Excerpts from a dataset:
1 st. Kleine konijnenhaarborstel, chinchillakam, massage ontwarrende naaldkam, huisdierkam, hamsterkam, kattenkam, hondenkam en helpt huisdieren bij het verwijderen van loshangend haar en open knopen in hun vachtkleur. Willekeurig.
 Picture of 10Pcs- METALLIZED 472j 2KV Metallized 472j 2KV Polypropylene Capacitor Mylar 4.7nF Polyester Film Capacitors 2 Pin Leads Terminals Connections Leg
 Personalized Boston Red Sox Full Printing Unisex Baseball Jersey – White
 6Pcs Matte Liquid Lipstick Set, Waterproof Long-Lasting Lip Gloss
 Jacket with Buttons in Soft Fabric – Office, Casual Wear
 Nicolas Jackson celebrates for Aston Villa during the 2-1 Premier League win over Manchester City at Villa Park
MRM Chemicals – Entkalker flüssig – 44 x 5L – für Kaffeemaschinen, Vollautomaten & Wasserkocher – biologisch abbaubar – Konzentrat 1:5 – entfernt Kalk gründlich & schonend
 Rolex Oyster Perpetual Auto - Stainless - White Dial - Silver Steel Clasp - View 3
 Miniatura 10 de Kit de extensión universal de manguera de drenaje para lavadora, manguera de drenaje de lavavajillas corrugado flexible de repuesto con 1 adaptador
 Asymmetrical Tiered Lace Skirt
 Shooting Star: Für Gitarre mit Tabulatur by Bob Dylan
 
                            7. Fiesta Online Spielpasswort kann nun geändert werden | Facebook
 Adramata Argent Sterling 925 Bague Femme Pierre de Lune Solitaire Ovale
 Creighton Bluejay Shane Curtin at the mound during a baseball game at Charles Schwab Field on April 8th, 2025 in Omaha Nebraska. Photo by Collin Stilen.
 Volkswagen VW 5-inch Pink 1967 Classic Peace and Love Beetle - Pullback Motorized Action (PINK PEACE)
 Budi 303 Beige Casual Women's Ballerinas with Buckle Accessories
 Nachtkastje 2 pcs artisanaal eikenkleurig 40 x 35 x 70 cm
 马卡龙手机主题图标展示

Instructions to follow:
Please report every line of the records above that contains the word "Casual".

Final answer:
 Jacket with Buttons in Soft Fabric – Office, Casual Wear
 Budi 303 Beige Casual Women's Ballerinas with Buckle Accessories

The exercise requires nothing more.